Ma quante ne deve passare un uomo? Cataclismi, indigestioni, bottoni rotti. E poi: Il giorno più bello/sarà una mattina normale/del buon vino e del pane.

Traversi incoscienti è una raccolta poetica con una propria è ben delineata coscienza. Un reportage lucido che, nella sua spericolata corsa, anela a guardare tutto con occhi diversi, per poi riguardarlo ancora da un’altra angolazione, finché la somma delle prospettive non possa darci delle linee guida per comprendere un quadro un po’ più definito, ma non definitivo; quello non lo sarà mai, perché il mondo, la coscienza e l’umore sono e saranno sempre mutabili.

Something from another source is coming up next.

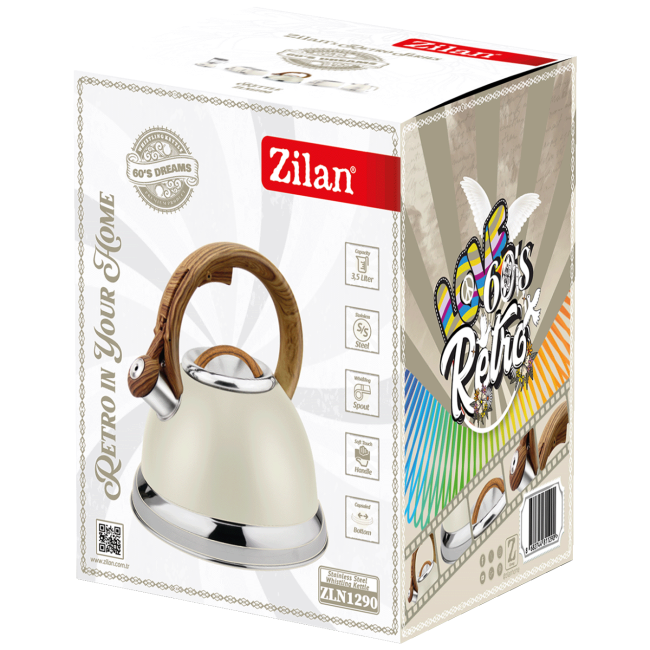 Zilan Kuhalo sa vodu sa zviždaljkom, 3.5 lit., Retro - ZLN1290 - Image 3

Banfi non sale sulla cattedra della vita a impartire insegnamenti, non è un guru, lui ci chiama amici cari, perché a lui è caro il genuino gesto di leggerlo. Spoglia il proprio pensiero, ci mostra un suo Io che vive nell’inquieto, che sa ironizzare sulle proprie cicatrici, che vuole analizzare le sconfitte prima delle conquiste di: sembianze umane,/relitti/e nulla più./Veterani di battaglie/mai combattute,/alla deriva.

Giungo con essi/recandoli oltre/frontiere:/sorrisi rimpianti,/sogni e trascorsi/d’errati passi,/più avanzo di dorso/alluce torna maestro,/muovo distante/salute amici cari.

Così si congeda il poeta e così mi congedo anche io.